As if Brazil needed any further irritants, beyond the World Cup preparations fiasco, it has found itself exposed over ‘hidden’ racism.
For the eurocentric international media, racism in football had become an issue in which eastern and southern Europe and England, to a lesser extent, were easy to kick around.
No-one in Europe ever gave a thought to the uneasy truth which lies below the tip of the iceberg perception of Brazil as a land in which blacks (Pele etc) and whites (Zagallo etc) were happy world champions together.
Brazil does not have the secret to inter-racial contentment or President Dilma Rousseff would not have felt the need to take to Twitter over the Arouca row . . . and over the weekend when the Amazonia Stadium in Manaus finally staged its first test match.
Last Thursday 27-year-old Santos midfielder Marcos Arouca da Silva was subjected to monkey chants and racist insults after inspiring a 5-2 win away to Mogi Mirim in a Paulista state championship match.
Such an incident was not new in itself. What was new was that the comments, as the player left the pitch, were caught on reporters’ microphones. Later the comments were put to both player and coach Oswaldo de Oliveira who demanded disciplinary action.
That followed quickly with the Paulista federation ordering the closure of the Mogi Morm stadium pending the outcome of a disciplinary inquiry because such behaviour “stains sporting discipline as well as the basic principles of civility.”
In fact Arouca himself did not hear the comments. He made the point in a statement in which he added: “It’s lamentable and unacceptable that there is still room for this kind of thing today … It killed the happiness I felt over our team’s good performance in which I scored a good goal – which is what sport should be all about.
“I sincerely hope cases like this will be severely punished because until that happens nothing is going to change. Impunity and the connivance of authorities with the people who do this kind of thing are every bit as serious as the acts themselves.”
Team-mate Lucas Lima said: “It’s embarrassing. We say that we don’t have racism in this country but I think that it’s one of the countries that does. It’s because of a lack of education.”
The ban on Mogi Morim’s ground may prove academic since the club’s next home game is not until March 18.
But this was hardly an isolated incident.
Also last week a referee down in Rio Grande do Sul had bananas thrown on his car after a game.

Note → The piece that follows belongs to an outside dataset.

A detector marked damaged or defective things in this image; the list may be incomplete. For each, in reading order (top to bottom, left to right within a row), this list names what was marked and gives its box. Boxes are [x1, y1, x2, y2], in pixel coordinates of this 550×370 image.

Fans told referee Marcio Chagas da Silva “your place is in the jungle” and “to get back to the circus” during the Esportivo-Veranopolis match in the local state championship.
Hence President Rousseff decided she had no alternative but to weigh in.

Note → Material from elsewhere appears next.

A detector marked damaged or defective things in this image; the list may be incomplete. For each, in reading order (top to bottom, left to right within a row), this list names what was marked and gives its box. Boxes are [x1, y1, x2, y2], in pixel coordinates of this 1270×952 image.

She said: “It is unacceptable that Brazil, the largest black nation outside of Africa, should find itself confronting such scenes of racism.”
Rousseff said she was inviting religious leaders from around the world to contribute anti-racism messages during the World Cup finals.
At least there was good news for her from Manaus, deep in the heart of the Amazon, where England and Italy will open World Cup action locally in June. The stadium which was once FIFA’s major headache has been opened for business.
A match between top regional clubs Nacional and Remo provided the occasion for the Arena da Amazonia Vivaldo Lima to open its doors. The status of the match was a quarter-final of the local Copa Verde in front of a restricted 20,000 crowd.
Some 7,000 tickets had been handed to construction workers so the match could finally go ahead in a stadium whose ‘delivery’ had been postponed four times because of funding problems and work delays.
Sports Minister Aldo Rebelo headed the delegation of dignitaries in the stadium which has been labelled the ‘whitest of white elephants.’
Governor Omar Aziz did not agree, saying: “This stadium is a victory of the Amazonian people.”